What the task requires:
Would you please restate every record exactly as written?

Stored data
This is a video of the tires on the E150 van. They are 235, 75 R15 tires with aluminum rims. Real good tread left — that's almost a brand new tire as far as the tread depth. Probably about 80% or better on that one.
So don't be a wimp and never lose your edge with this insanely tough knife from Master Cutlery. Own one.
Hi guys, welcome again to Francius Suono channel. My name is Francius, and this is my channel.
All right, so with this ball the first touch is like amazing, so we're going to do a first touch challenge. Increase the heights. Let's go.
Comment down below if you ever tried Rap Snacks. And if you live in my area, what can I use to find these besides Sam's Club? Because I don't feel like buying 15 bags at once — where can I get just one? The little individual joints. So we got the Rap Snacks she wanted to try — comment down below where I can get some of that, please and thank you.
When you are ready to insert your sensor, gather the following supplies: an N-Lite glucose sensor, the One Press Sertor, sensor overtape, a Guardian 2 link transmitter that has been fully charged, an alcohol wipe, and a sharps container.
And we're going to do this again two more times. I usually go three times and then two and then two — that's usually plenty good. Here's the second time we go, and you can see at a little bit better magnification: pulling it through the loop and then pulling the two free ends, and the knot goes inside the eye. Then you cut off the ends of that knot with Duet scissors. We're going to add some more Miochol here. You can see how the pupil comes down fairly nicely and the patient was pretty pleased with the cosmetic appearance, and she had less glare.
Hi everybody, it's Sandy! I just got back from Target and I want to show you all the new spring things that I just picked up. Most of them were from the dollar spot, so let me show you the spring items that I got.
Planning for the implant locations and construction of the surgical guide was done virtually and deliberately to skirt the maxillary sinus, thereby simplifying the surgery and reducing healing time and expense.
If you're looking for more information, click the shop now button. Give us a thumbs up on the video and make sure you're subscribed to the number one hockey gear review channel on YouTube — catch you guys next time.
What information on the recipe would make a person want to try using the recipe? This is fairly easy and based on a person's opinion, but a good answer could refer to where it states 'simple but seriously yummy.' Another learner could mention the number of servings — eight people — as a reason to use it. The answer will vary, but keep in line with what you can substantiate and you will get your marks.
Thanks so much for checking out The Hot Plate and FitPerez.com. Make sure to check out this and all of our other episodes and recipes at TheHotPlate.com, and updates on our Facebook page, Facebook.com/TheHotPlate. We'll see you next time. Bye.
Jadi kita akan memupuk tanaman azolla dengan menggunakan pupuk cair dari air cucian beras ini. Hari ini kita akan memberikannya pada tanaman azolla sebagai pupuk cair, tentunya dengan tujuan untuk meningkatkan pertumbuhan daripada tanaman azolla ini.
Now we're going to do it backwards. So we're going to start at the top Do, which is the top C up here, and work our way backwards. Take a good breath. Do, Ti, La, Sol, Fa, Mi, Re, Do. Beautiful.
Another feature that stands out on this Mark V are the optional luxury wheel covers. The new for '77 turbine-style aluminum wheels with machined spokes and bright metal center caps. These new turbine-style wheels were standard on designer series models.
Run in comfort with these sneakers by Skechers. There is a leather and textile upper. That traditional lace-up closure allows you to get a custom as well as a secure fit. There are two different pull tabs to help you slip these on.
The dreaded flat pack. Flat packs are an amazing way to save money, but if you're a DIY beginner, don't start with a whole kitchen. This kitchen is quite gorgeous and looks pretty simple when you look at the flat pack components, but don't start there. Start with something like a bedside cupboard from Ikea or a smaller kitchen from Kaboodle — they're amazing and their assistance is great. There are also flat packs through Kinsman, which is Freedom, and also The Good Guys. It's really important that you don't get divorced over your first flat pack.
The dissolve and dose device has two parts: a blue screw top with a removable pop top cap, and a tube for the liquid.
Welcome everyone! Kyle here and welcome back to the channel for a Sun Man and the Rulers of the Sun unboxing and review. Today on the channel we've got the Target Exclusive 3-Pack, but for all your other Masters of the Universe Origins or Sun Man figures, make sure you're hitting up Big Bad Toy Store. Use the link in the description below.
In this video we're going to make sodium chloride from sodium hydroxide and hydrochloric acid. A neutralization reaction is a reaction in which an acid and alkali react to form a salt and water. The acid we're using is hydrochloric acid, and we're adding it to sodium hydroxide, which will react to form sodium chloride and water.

Exercise result:
This is a video of the tires on the E150 van. They are 235, 75 R15 tires with aluminum rims. Real good tread left — that's almost a brand new tire as far as the tread depth. Probably about 80% or better on that one.
So don't be a wimp and never lose your edge with this insanely tough knife from Master Cutlery. Own one.
Hi guys, welcome again to Francius Suono channel. My name is Francius, and this is my channel.
All right, so with this ball the first touch is like amazing, so we're going to do a first touch challenge. Increase the heights. Let's go.
Comment down below if you ever tried Rap Snacks. And if you live in my area, what can I use to find these besides Sam's Club? Because I don't feel like buying 15 bags at once — where can I get just one? The little individual joints. So we got the Rap Snacks she wanted to try — comment down below where I can get some of that, please and thank you.
When you are ready to insert your sensor, gather the following supplies: an N-Lite glucose sensor, the One Press Sertor, sensor overtape, a Guardian 2 link transmitter that has been fully charged, an alcohol wipe, and a sharps container.
And we're going to do this again two more times. I usually go three times and then two and then two — that's usually plenty good. Here's the second time we go, and you can see at a little bit better magnification: pulling it through the loop and then pulling the two free ends, and the knot goes inside the eye. Then you cut off the ends of that knot with Duet scissors. We're going to add some more Miochol here. You can see how the pupil comes down fairly nicely and the patient was pretty pleased with the cosmetic appearance, and she had less glare.
Hi everybody, it's Sandy! I just got back from Target and I want to show you all the new spring things that I just picked up. Most of them were from the dollar spot, so let me show you the spring items that I got.
Planning for the implant locations and construction of the surgical guide was done virtually and deliberately to skirt the maxillary sinus, thereby simplifying the surgery and reducing healing time and expense.
If you're looking for more information, click the shop now button. Give us a thumbs up on the video and make sure you're subscribed to the number one hockey gear review channel on YouTube — catch you guys next time.
What information on the recipe would make a person want to try using the recipe? This is fairly easy and based on a person's opinion, but a good answer could refer to where it states 'simple but seriously yummy.' Another learner could mention the number of servings — eight people — as a reason to use it. The answer will vary, but keep in line with what you can substantiate and you will get your marks.
Thanks so much for checking out The Hot Plate and FitPerez.com. Make sure to check out this and all of our other episodes and recipes at TheHotPlate.com, and updates on our Facebook page, Facebook.com/TheHotPlate. We'll see you next time. Bye.
Jadi kita akan memupuk tanaman azolla dengan menggunakan pupuk cair dari air cucian beras ini. Hari ini kita akan memberikannya pada tanaman azolla sebagai pupuk cair, tentunya dengan tujuan untuk meningkatkan pertumbuhan daripada tanaman azolla ini.
Now we're going to do it backwards. So we're going to start at the top Do, which is the top C up here, and work our way backwards. Take a good breath. Do, Ti, La, Sol, Fa, Mi, Re, Do. Beautiful.
Another feature that stands out on this Mark V are the optional luxury wheel covers. The new for '77 turbine-style aluminum wheels with machined spokes and bright metal center caps. These new turbine-style wheels were standard on designer series models.
Run in comfort with these sneakers by Skechers. There is a leather and textile upper. That traditional lace-up closure allows you to get a custom as well as a secure fit. There are two different pull tabs to help you slip these on.
The dreaded flat pack. Flat packs are an amazing way to save money, but if you're a DIY beginner, don't start with a whole kitchen. This kitchen is quite gorgeous and looks pretty simple when you look at the flat pack components, but don't start there. Start with something like a bedside cupboard from Ikea or a smaller kitchen from Kaboodle — they're amazing and their assistance is great. There are also flat packs through Kinsman, which is Freedom, and also The Good Guys. It's really important that you don't get divorced over your first flat pack.
The dissolve and dose device has two parts: a blue screw top with a removable pop top cap, and a tube for the liquid.
Welcome everyone! Kyle here and welcome back to the channel for a Sun Man and the Rulers of the Sun unboxing and review. Today on the channel we've got the Target Exclusive 3-Pack, but for all your other Masters of the Universe Origins or Sun Man figures, make sure you're hitting up Big Bad Toy Store. Use the link in the description below.
In this video we're going to make sodium chloride from sodium hydroxide and hydrochloric acid. A neutralization reaction is a reaction in which an acid and alkali react to form a salt and water. The acid we're using is hydrochloric acid, and we're adding it to sodium hydroxide, which will react to form sodium chloride and water.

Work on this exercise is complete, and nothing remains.